I still think you are crazy. All the sources I have seen say that linux has preemptive multitasking. Perhaps you are talking about having a preemptive kernel (or something like that, I'm a bit hazy on the details), and there is a rather experimental patch for that. But Linux has supported preemptive multitasking for a long time. This differs from the systems used by old MacOSes and Win3.x, but pretty much all modern OSes support preemptive multitasking. Please don't spread misinformation.
They also forgot mention Oracle's high RAM requirements coupled with XServe's low-RAM expandability!
A database with a 2 GB SGA, running on four internal disks? Boy, I hope you weren't expecting to run anything FAST!
2 GB wouldn't even hold my undo segments in memory! heh!
Not as fast connection
Jeremy D. Zawodny /
As a ballpark figure, 1 watt turned on all year costs you $1. Maybe double that if you are in a continuously air conditioned environment like a machine room.
The savings may not be too large. I checked an Athlon system with an ammeter recently. It came in at 120W with one drive in it while doing its server tasks. So, they at least are in the same ballpark. (The measurement techniques are surely different, I would not claim one was higher than the other based on this data. Just that they are near each other.)
Power is one of the reasons I suggest people not use that crappy old 486 or pentium as a NAT/firewall box in their house unless they are doing it for joy. In about a year or so of electricity savings you can pay for one of the new integrated appliances and enjoy increased reliablity and savings in the following years.
*sigh* You are talking about kernel preemption, or preempting the system task, not preemptive multitasking.
In many places in both the Linux (2.4/2.5) and Darwin kernel's (depending on the device drivers), both will fail to preempt themselves for a userland task. (Yes, Virginia, there are chunks of code even Darwin won't preempt) Likewise, in many places (even in extremely old versions of the linux kernel), preemption can happen. You would be correct to say that there is a focus in 2.5 for trying to eliminate or optimize a lot of the non-preemptable code and to say that Darwin experiences marginally lower average latency than Linux 2.4, but to use that as some way to measure system performance is as ridiculous as it is stupid.

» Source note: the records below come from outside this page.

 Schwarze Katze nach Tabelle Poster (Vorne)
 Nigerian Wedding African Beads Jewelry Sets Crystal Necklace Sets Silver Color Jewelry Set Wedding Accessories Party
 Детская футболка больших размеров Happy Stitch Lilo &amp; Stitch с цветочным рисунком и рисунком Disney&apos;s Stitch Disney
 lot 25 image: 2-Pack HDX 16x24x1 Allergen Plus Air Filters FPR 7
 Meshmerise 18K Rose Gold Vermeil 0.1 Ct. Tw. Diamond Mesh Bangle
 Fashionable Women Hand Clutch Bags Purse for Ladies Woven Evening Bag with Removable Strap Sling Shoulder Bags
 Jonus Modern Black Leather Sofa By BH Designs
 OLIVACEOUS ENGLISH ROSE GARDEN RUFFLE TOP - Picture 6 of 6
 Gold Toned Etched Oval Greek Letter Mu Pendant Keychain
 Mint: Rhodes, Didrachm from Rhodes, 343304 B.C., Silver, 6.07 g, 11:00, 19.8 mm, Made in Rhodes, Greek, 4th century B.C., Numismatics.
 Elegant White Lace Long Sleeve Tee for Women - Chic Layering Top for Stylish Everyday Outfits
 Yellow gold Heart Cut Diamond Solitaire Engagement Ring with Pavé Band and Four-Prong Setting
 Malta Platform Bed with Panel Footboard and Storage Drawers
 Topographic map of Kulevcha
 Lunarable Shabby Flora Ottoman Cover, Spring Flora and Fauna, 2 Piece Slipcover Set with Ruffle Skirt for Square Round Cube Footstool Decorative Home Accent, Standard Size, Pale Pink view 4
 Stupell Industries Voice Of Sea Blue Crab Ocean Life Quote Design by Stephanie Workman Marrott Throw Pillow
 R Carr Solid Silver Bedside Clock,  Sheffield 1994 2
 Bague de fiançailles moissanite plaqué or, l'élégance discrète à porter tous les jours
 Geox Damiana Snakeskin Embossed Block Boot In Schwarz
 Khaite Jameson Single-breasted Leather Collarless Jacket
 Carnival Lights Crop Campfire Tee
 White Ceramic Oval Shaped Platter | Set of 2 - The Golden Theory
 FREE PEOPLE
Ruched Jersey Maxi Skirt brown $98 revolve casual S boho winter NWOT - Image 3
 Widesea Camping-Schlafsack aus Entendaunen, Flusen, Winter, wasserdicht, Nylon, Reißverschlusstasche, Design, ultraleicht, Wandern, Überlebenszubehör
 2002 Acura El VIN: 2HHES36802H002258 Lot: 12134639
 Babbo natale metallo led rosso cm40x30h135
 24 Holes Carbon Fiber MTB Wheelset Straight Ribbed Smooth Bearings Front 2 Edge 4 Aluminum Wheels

Besides, if you want to get super technical, there are two robust and stable implementations of Posix realtime threads for linux (RTAI and RTLinux) that have existed for a number of years. Darwin has no such beast. Now we are talking latencies of 10-15 microseconds vs the low-millisecond ranges of either Darwin or Linux 2.4/2.5
And if you want to get even further into the technical mumbo-jumbo, the ARM processor can rock both the PPC and the X86 in terms of preemption. There are event's called FIQ's (Fast IRQ) on ARM that cause the processor itself to preempt ITSELF and execute some other code! You can call efficient FIQ code on the order of 10MHz and still run your normal stuff on top of the CPU -- and on Linux too -- on top of RTAI Posix RT threads -- or not!
Oh, and Intel makes the best ARM cores, too. Yeah and they have 32 bit registers just like your 64/128bit PPC's.
You don't know what you are talking about.
First, Apple has NEVER produced a machine with a 64-bit CPU. Period.
Second, Linux has supported preemtive-multitasking from the start - something like 10 years ago...
You are confusing it with KERNEL PREEMTION which means the *kernel* process itself can be preemted to support real-time scheduling. Darwin has never supported this, and I've not heard of any rumours that it will in the future either...
As for features, there are plenty of server throughput benchmarks that show Linux to be as fast or faster than Windows. I've never seen any OS X server benchmark that even comes close.
Hint: Photoshop filters are not a server benchmark, and results "up to" X times faster with no details just means it much slower in many other cases...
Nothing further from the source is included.